Историю сталинской индустриализации правильно рассматривать в более широком историческом контексте, не ограничиваясь событиями 20–30-х годов.
В начале ХХ века по объёмам промышленного производства Российская империя прочно занимала пятое место среди ведущих мировых держав. Уступая в этом отношении Великобритании, Германии и Франции, Россия устойчиво обгоняла их по темпам роста. В 1885–1913 годах промышленное производство в России ежегодно возрастало на 5,7%, в США — на 5,2%, в Германии — на 4,5%, в Англии — на 2,1%. Известный американский историк экономики Пол Грегори, специализирующийся на изучении российского народного хозяйства, относит столыпинскую Россию к группе стран «с наиболее быстро развивающейся экономикой», таких как США, Швеция и Япония.
В 1913-м доля России в мировом промышленном производстве составляла 5,3% (пятое место) и догоняла показатели Франции (6,4%), доля в мировой торговле — почти 4% (в 1938-м доля СССР в мировой торговле составляла 1,1%).
После октябрьского переворота 1917-го ленинцы приступили к последовательным социалистическим экспериментам в экономике: безвозмездной национализации, уничтожению института частной собственности, изгнанию с промышленных предприятий управленческого аппарата с целью введения утопического «рабочего контроля» за наличными средствами, сырьем, производством и распределением продукции. Эти действия не могут быть объяснены только условиями гражданской войны и разрухи, они иллюстрируют суть коммунистического подхода к экономике.

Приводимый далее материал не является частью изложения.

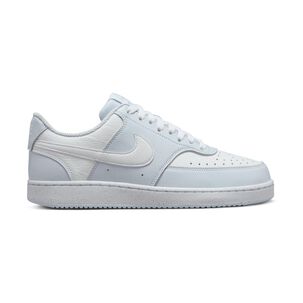 Zapatilla Urbana Mujer Nike Court Vision Low Next Nature Blanco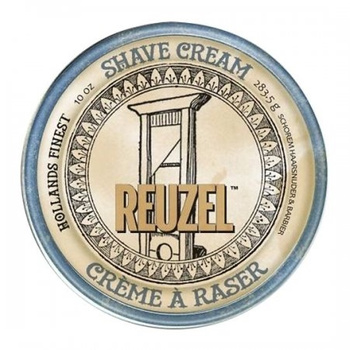 Reuzel Shave Cream 283.5g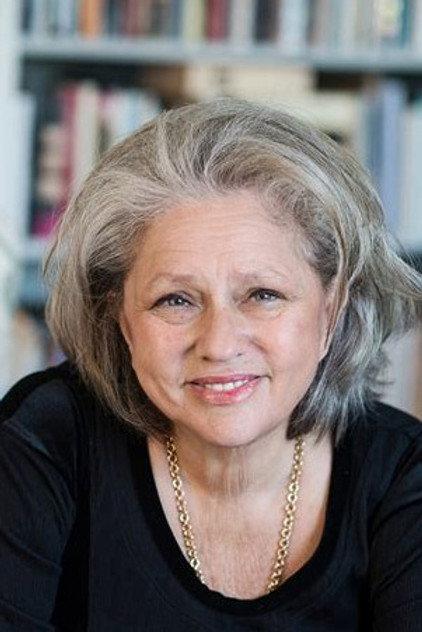 Rose Lagercrantz - Actor Profile Photo
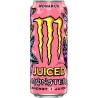 MONSTER ENERGY JUICED MONARCH CANS 50CL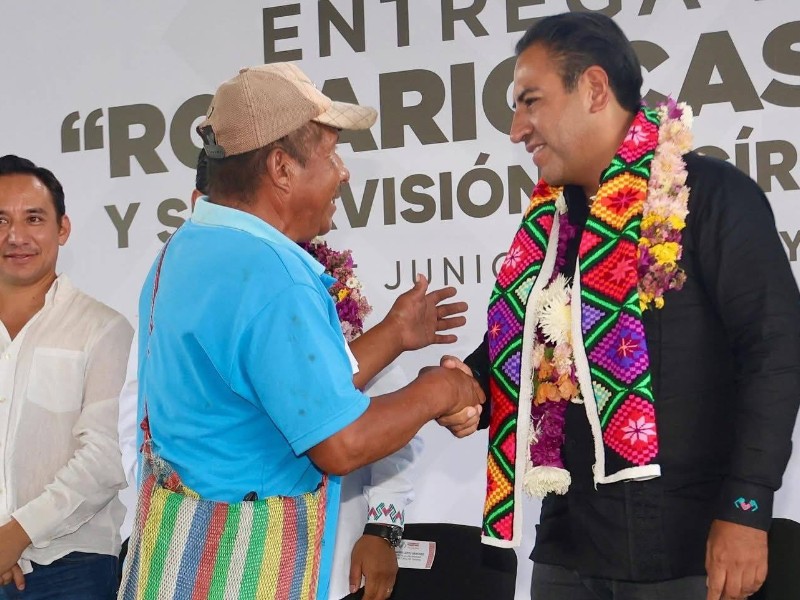 Arranca Conecta Cobach para garantizar inclusión digital en Chiapas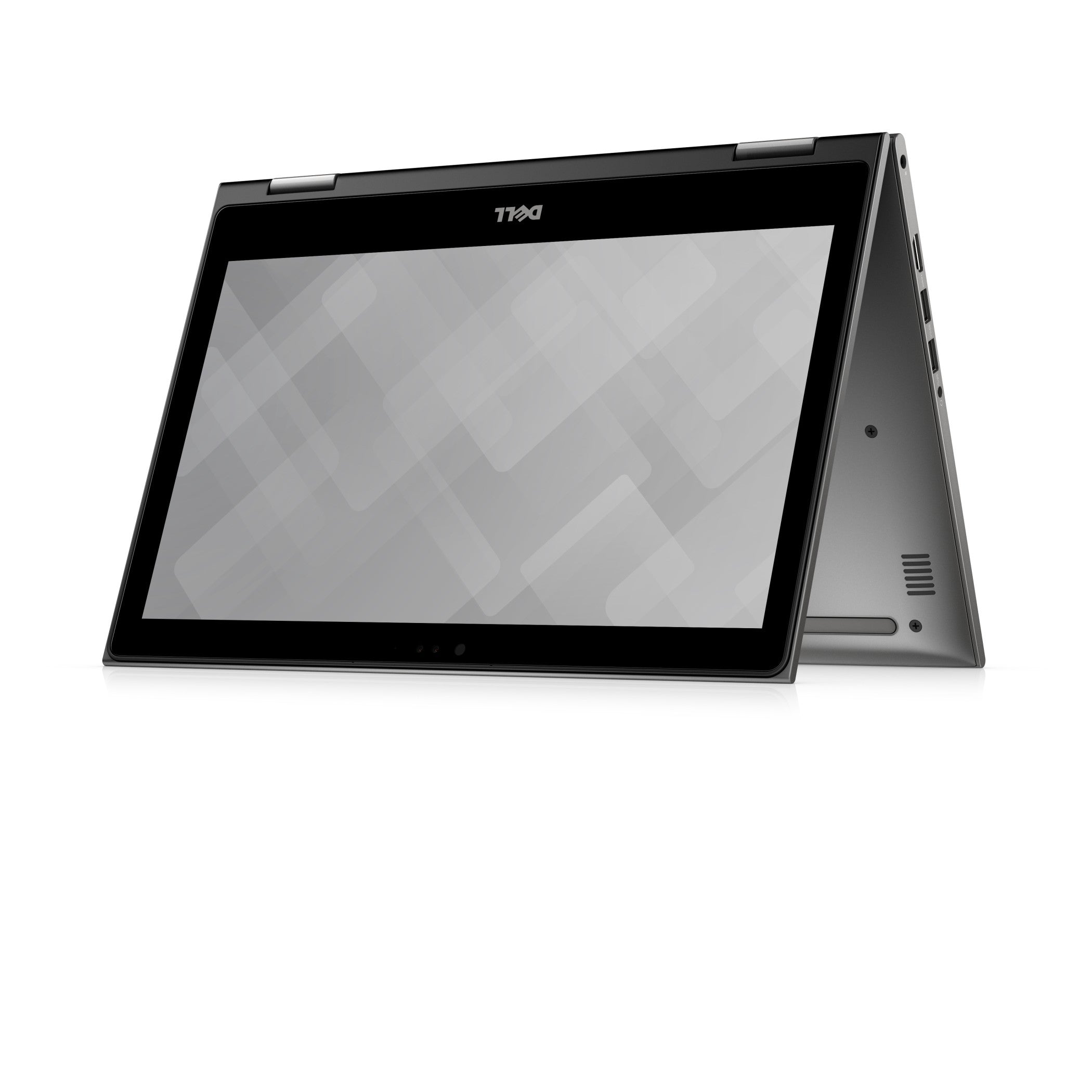 Dell Inspiron 5000 13.3" FHD Touchscreen Convertible Notebook, Intel Core i5, 8 GB RAM, 1 TB HDD, Windows 10 Pro 64-bit- SBR12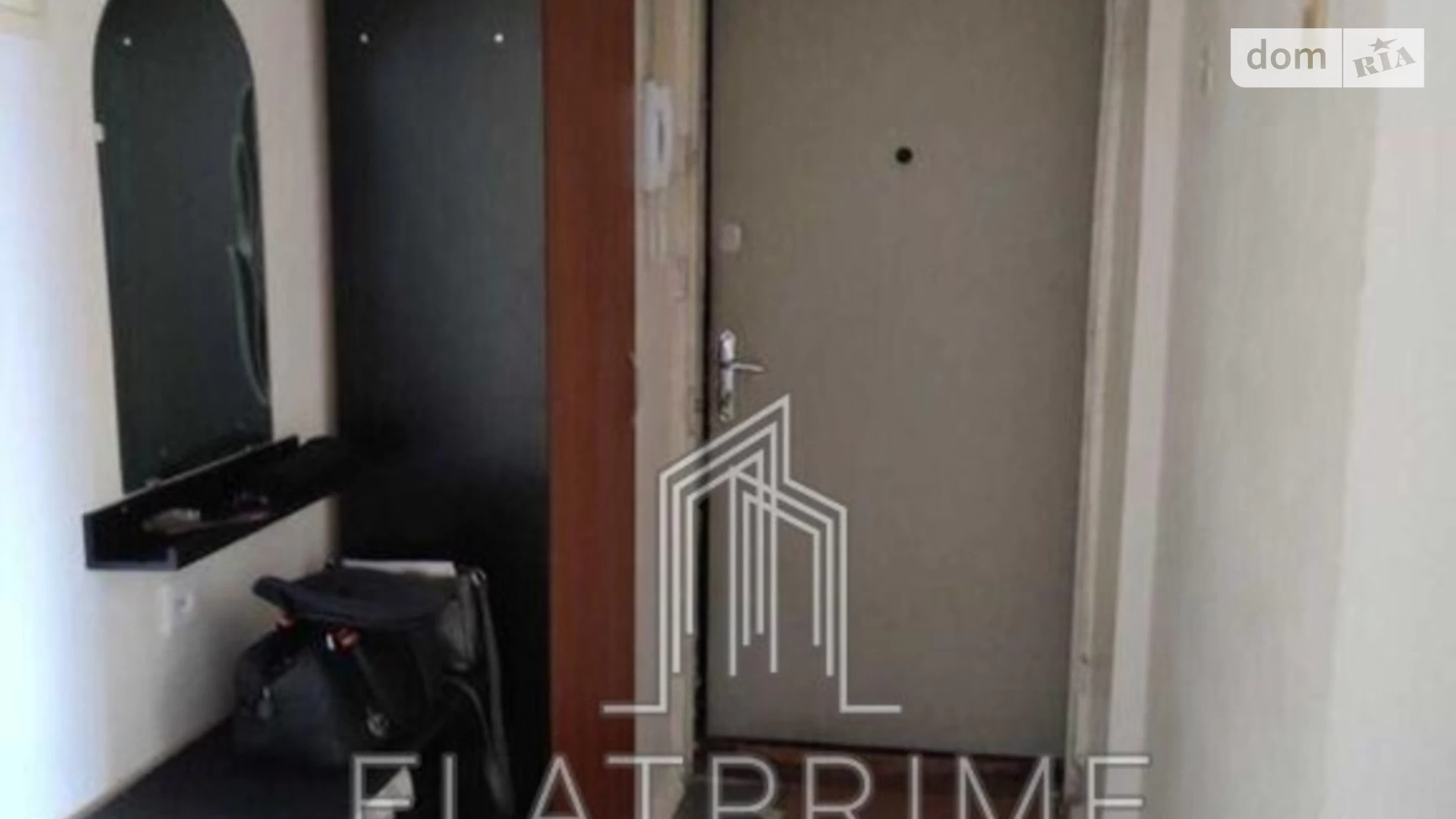 Продается 1-комнатная квартира 40 кв. м в Киеве, ул. Гоголевская, 27 - фото 3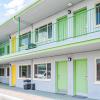 greeley university inn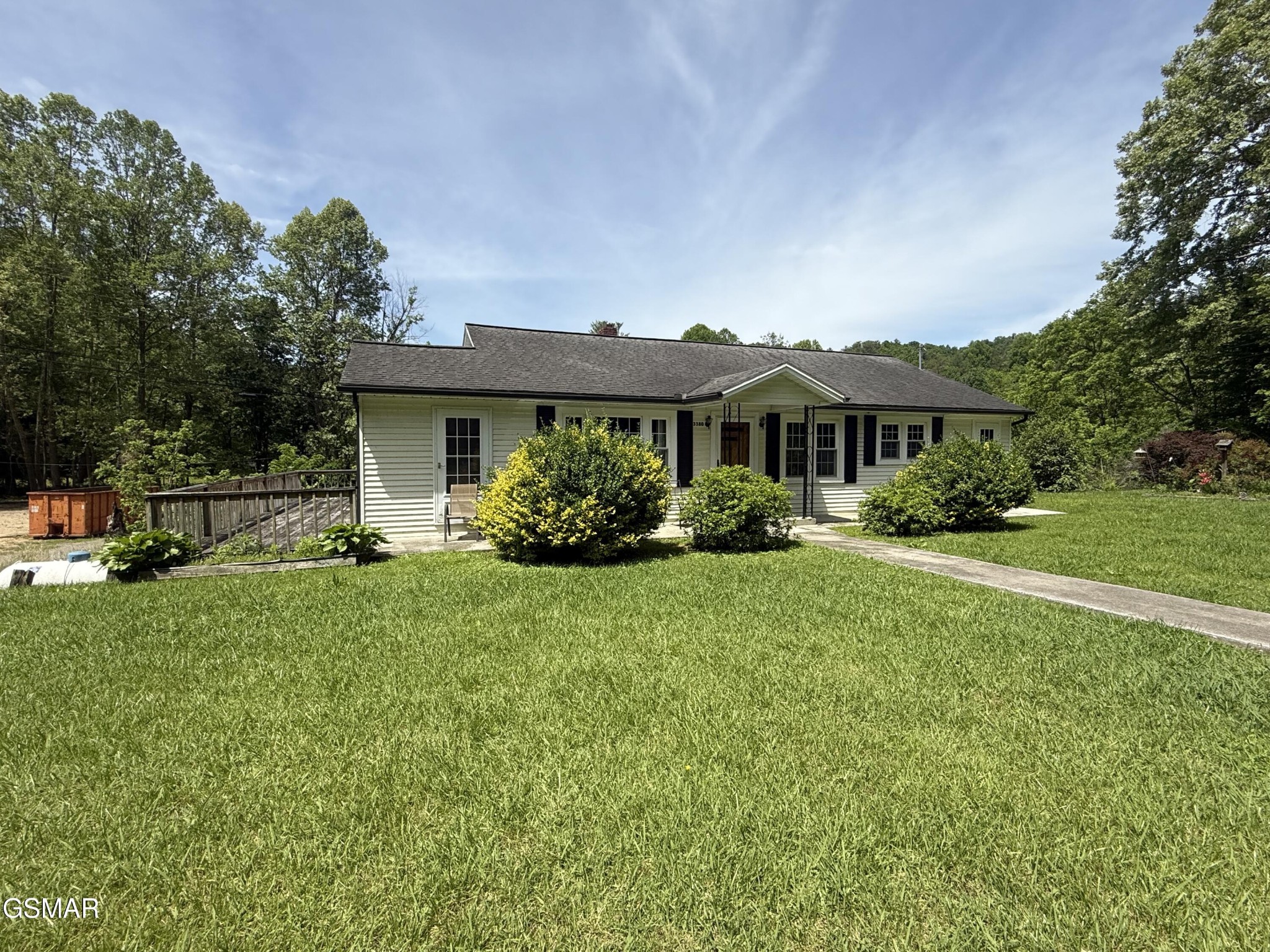 3380 Grassy Fork Road Hartford, TN 37753 - Photo 5 of 28 Gallery Image 5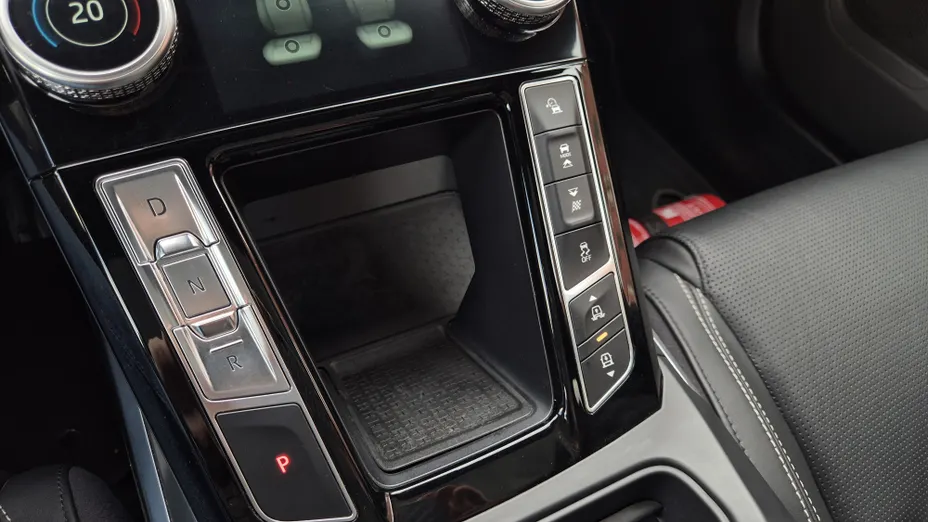 JAGUAR I-Pace I-Pace EV400 AWD S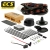 Wiązka dedykowana 7-pin ECS Electronics TO295BH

Огромный урон российской промышленности нанесло создание фактически первых госкорпораций (совнархозов), разрушение внутрироссийского товарного рынка, захват большевиками банков и ликвидация финансово-кредитной системы. К этим мерам следует добавить запрет частной торговли, массовые репрессии и террор, избиение технических кадров, преследование предпринимателей, инженеров, мастеров, квалифицированных рабочих. К концу августа 1920-го в действительной собственности большевистской партии оказались около 40 тысяч российских предприятий, на которых были заняты почти 2 млн рабочих — 70% трудовых ресурсов, использовавшихся в промышленности.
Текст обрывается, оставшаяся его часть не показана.